* [What you are asked to do]
Transcribe, without any alteration, only the lines that begin at the line containing "Singles Semifinals Ciamarra" and run to the last line below.

* [Records for this exercise]
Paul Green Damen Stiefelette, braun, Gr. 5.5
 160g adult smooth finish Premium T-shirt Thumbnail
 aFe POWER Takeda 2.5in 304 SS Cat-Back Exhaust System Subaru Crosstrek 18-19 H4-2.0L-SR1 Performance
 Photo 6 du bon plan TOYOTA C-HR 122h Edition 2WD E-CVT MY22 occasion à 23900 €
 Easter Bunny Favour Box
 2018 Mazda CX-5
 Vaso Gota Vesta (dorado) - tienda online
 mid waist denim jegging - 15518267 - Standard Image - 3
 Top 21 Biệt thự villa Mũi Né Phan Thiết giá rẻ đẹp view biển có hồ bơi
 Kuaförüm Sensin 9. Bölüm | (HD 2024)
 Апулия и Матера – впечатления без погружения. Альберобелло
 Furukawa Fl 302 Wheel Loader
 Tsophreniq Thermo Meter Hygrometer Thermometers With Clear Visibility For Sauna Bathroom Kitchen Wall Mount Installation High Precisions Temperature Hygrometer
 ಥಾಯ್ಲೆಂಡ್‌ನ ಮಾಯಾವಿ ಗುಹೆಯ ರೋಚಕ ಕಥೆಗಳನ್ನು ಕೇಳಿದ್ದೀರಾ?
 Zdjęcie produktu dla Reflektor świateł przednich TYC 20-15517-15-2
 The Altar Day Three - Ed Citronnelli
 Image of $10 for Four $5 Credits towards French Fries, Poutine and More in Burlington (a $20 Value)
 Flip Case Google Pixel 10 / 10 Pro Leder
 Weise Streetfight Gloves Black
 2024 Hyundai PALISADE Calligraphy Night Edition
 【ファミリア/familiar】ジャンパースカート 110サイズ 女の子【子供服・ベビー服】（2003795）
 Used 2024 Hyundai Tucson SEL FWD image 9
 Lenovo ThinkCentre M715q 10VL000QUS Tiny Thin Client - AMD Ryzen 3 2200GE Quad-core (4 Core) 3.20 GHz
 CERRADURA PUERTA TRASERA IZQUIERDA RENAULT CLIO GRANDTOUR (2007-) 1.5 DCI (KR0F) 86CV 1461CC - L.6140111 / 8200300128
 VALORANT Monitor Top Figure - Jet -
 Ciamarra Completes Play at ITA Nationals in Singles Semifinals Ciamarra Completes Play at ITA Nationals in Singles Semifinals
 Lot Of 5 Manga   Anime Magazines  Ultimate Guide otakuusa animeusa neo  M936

* [Response to this exercise]
 Ciamarra Completes Play at ITA Nationals in Singles Semifinals Ciamarra Completes Play at ITA Nationals in Singles Semifinals
 Lot Of 5 Manga   Anime Magazines  Ultimate Guide otakuusa animeusa neo  M936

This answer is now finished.